Das Magazin hatte einen Beschaffungsplan für ein "Kundenfrequenz-Messsystem 2.0" auf einer Ausschreibungsplattform entdeckt, welches zentral ein Gesichtserfassungssystem einschließt. Der Einsatz von Kamerasystemen mit Gesichtserfassung und -erkennung im öffentlichen Raum wird auch in der Schweiz seit geraumer Zeit diskutiert und stößt großteils auf Ablehnung.

Das neue System soll nicht nur wie bisher die Bewegungen der Personen im Bahnhofsbereich tracken. Die SBB wollen außerdem das (Kauf-)Verhalten der Passanten in den zahlreichen Ladengeschäften und Lokalen größerer Schweizer Bahnhöfe beobachten. Die so gewonnenen Einblicke – nebst Verbindung mit anderen Quellen wie Wetter- und Fahrgastdaten – will die Bahn mit den Daten des Swisspass (eine SBB-Kundenkarte mit Bild) verknüpfen.

Erfasst werden sollen von den meist verdeckt angebrachten Kameras Alter und Geschlecht der Personen, die Größe, mitgeführtes Gepäck und Gegenstände wie Kinderwagen, Rollstuhl, Fahrrad oder begleitende Tiere. Die SBB interessieren sich dafür, wie lange Reisende sich im Bahnhof aufhalten, welche Läden Passagiere besuchen und wie viel Geld sie dort ausgeben. Auch die Daten der Ladenkassen wollen die SBB mit den Bewegungsdaten verbinden.

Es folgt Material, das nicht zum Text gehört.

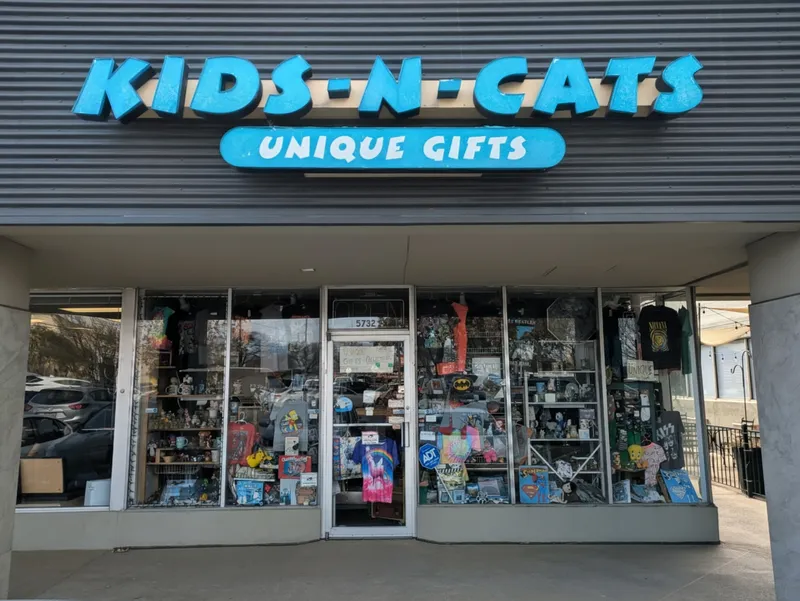 Exterior of a unique gifts store called Kids-N-Cats with a display window full of merchandise.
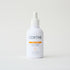 facial peel in a white bottle 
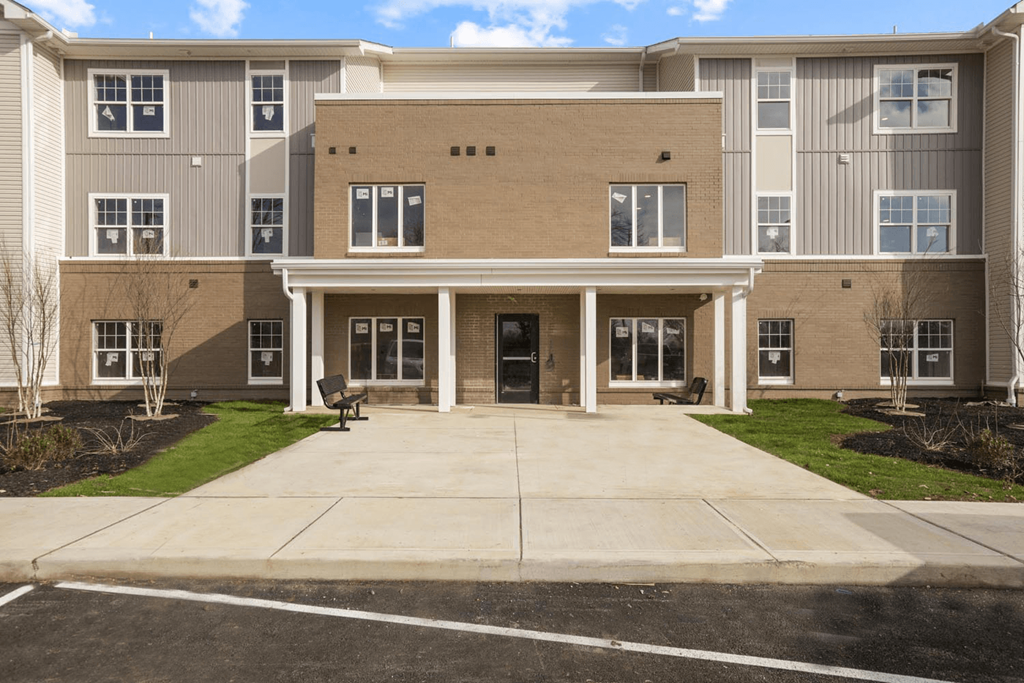 a large apartment building with a driveway and grass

Damit soll sich für die Bahn laut K-Tipp die "Abschöpfungsrate" pro Passagier erhöhen. Denn je höher der Umsatz der Läden in den Bahnhöfen, desto höher fällt die Miete aus, die diese an die SBB entrichten müssen. Die Ladenbetreiber sollen ebenfalls Zugang zu den Informationen erhalten.

Die erste Variante des Kundenfrequenz-Messsystems war wohl 2017 in einzelnen Bahnhöfen installiert worden; sie zeichnete die Position von Personen auf und wies diesen zusätzlich zu ihrem Standort und dem Zeitpunkt der Aufnahme eine Identität zu, die über den gesamten Erfassungszeitraum konstant bleibe, berichtete Inside-IT.

Um die Bestimmungen des Datenschutzgesetzes einzuhalten, verlangt die SBB vom Systemlieferanten, dass die Daten anonymisiert erhoben werden müssen. Allerdings solle eine Person-ID vergeben werden, damit Personen "während der gesamten Aufenthaltsdauer im Bahnhof eindeutig erkannt werden können". Schon damals – wie auch heute – betont die SBB, dass trotz solch einer "eindeutigen Identifikation der Person" Rückschlüsse auf Einzelpersonen nicht möglich seien. In einem neueren Artikel schreibt Inside-IT ferner, dass der Datenschutz gewährleistet bleibe. Demnach beteuert die SBB, es werde nur mit aggregierten Daten gearbeitet. Die Informationen der Ladenkassen würden nur "allgemein genutzt" und das Einkaufsverhalten nicht mit den Daten des Swiss­pass verknüpft.

Der Bahn-Konzern beteuert, die Person-ID habe nichts mit der Person zu tun, sondern sei eine rein technische Nummerierung. Es würden keine Daten verknüpft, welche Rückschlüsse auf die Person zulassen, und es gebe keine Verknüpfung mit dem Swisspass oder Mobile-Apps. Der Datenschutz sei gewährleistet. Es werde nichts beschafft und eingesetzt, das nicht datenschutzkonform sei.

Der Eidgenössische Datenschützer (EDÖB), Adrian Lobsiger, sagte laut K-Tipp: Aufgrund der Vielzahl der erhobenen Daten und des Risikos der Re-Identifikation von Personen bestehe eine erhebliche Gefahr für die Persönlichkeit der Passanten. Der EDÖB selbst bestätigt, dass er von der SBB "im Oktober 2022 über dieses Projekt informiert" wurde. Die SBB "sicherten dem EDÖB zu, dass die Daten nicht personenbezogen verwendet werden, und dass sie eine Datenschutzfolgenabschätzung zum Projekt durchführen werden. Der EDÖB wird das Projekt weiterhin aufsichtsrechtlich begleiten."